Without Superman, the DCEU and comics universe in general just isn’t right. Batman is not Superman for obvious reasons, but together they complement each other and form the heroic spectrum, a theoretical chart that you can plot every (at least DC) hero on to show what kind of hero they are in relation the two poles represented by Superman and Batman (Wonder Woman is the theoretical middle/z-axis). It goes back to their roots as the evolution of pulp heroes Doc Savage and the Shadow, respectively. Doc Savage was all about day time science fiction and adventure. The Shadow was about criminality, dark mysticism, and deadly force. With Superman and Batman finally sharing the screen, and WB going forward with the DCEU the ability to create a heroic spectrum was paramount, and it never comes together. It’s not hard, the DCWverse did it in the pilot episode of The Flash in a single scene.
Now, just because the world view of the DCEU is cynical and doubting, doesn’t mean it can’t change to good. It could be redeemed, a theme uniting this movie on every single level. Everyone involved needs and desires redemption: Batman from being a murdering xenophobic psychotic asshole, Superman allowed to become the Superman audiences know, Zack Snyder proving he can actually make a crowd-pleasing box-office hit movie (again), Warner Bros. proving they are not just sitting on the biggest untapped IP goldmine left. Its failure to properly earn that redemption and turn towards good as stated by Bruce at the end “Men are still good. We fight, we kill, we betray one another, but we can rebuild. We can do better. We will. We have to.” Makes this films failings hurt even more.
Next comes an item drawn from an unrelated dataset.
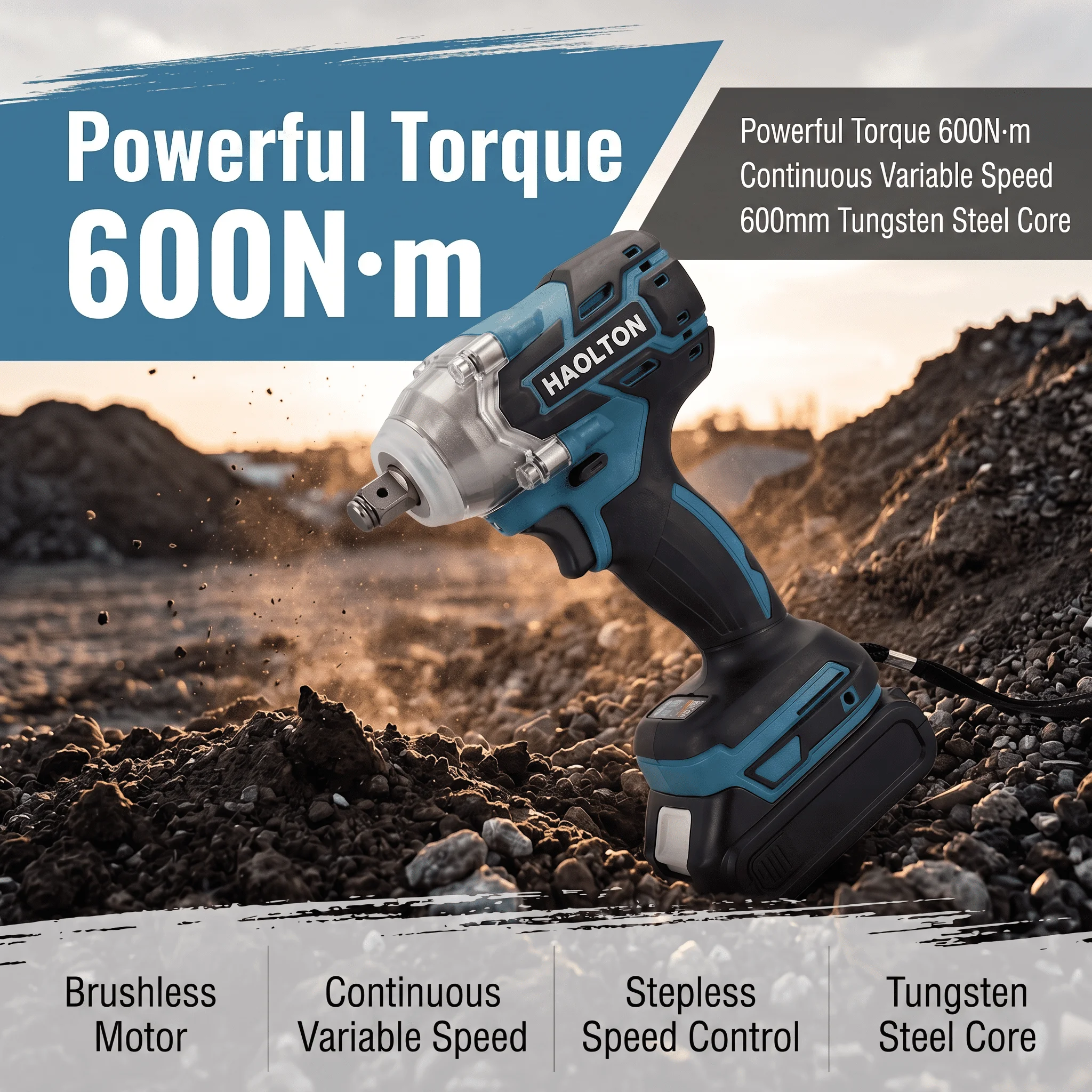 HAOLTON Brushless Electric Impact Wrench Cordless 320N.M Torque 1/2' Wrench Power Tools Compatible MAKITA 18V Battery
The theatrical cut of Batman v Superman: Dawn of Justice is a barely functional mess that goes through the movements that signal these sorts of ideas but never completes the thought or earns the payoff. I’m hopeful but cautious that the ‘Ultimate Cut’ will at perhaps complete the thought and turn the movie into something more functional. Wonky character choices I can live with if they are earned in the film itself. If not, we’re left with a hollow shell of cynicism and doubt and that’s not a foundation to build the next 5 years’ worth of movies off of.
*Yes, Wonder Woman is technically older then all of them by centuries but she’s also been withdrawn from the world for a good century making her ability to affect change in the universes default moral setting negligible.